When I talked to my friends about my experience after sobering up, they said that after I took the hit, I just sat there for a few minutes looking insane and then stood up and said that 'I had to find it'. No one including me knew what I was talking about.

Overall, the trip was for the most part horrible and now I remember why when I was tripping I told myself to not do salvia again (I definitely will though). I think my main problem was that I tried to fight it and communicate what was going on, which made the trip harder. It was pretty difficult not to fight it though, because of how real everything seemed - I was completely convinced that it was all really happening. Next time I do this I'm definitely going to be in a more comfortable setting and tell whoever I'm with at the time to remind me that I shouldn't fight it and just relax and let it come to me. It was a really interesting, though frightening experience and the first real trip I've ever had.
 
HOLY SHIT DUDE. THE EXACT THING HAPPENED TO ME.

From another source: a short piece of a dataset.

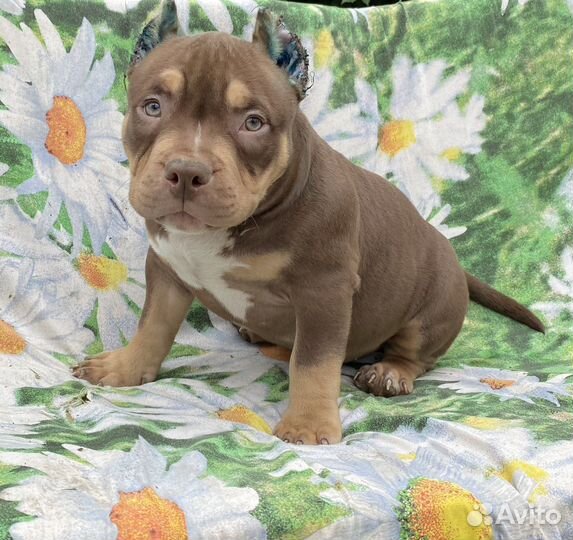 Супер щенки булли американский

I felt like i was in the trumen show and felt like everything was in 2-D vision, like the simpsons or something. Thats amazing salvia trips are sometimes the same for people.

peace
 
I also started sensing a fifth dimension around me and I felt like I could just 'move' into it, but when I tried I realized that I was trapped in my body, which only operated in 3 dimensions. It was kind of frustrating, like a force holding me back from something that I was now aware of.
 
I've also had a few salvia experiences where I felt like I had opened my head up to a level of reality that was deeper than everything we are normally conscious of. Felt like I had finally escaped the mundane cycle of everyday life and had access to some other dimension that had always been there but I was just unaware of. Definitly hard stuff to put into words, should probably try to put together a full trip report one of these days.
 
Yeah welcome to salvia guys.

Keep smoking it once you can handle the fact that you really ARE an actor, it gets weirder! Its pretty safe, no one ever dies from smoking too much salvia.

You'll probably come up with all sorts of shit too secret to post on a public forum ;)
 
I take it you've gone that far? Do the trips become less stressful once you learn to 'handle the fact' or is there more and more shit you become confronted with?
 
Nickolay said:
when I was tripping I told myself to not do salvia again (I definitely will though)


thats probably my favorite line in the entire world of drug culture. lol.. i smile every time i hear it.
 
Well for me it gets much less stressful every time, and my past 10 breakthroughs have been pretty much totally lucid and calm, even really fun/relieving a couple times.

I seem to reach the same state consistently now. But I know that I can go a lot further by smoking more. I'm scared to do that, its like the early, scary, intense trips still have me afraid a little bit. Afraid enough that I'm not smoking salvia regularly anymore-

Its like I know death is just gonna be one fucking hell of a salvia trip, so whats the point terrifying myself now. At the same time, it feels like I'm living in limbo, just chillin in this fake world and not making any progress because I'm neglecting the amazing progress and wealth of experience available through sally. And I wonder if progress in the salvia world affects my approach to/characteristics in this world.

To answer your question- after you adjust your world view what was scary seems fine, if you find some way to relate to it. But it seems like I could probably always scare myself more by increasing the dosage- thats untested though, I may be able to handle big doses fine.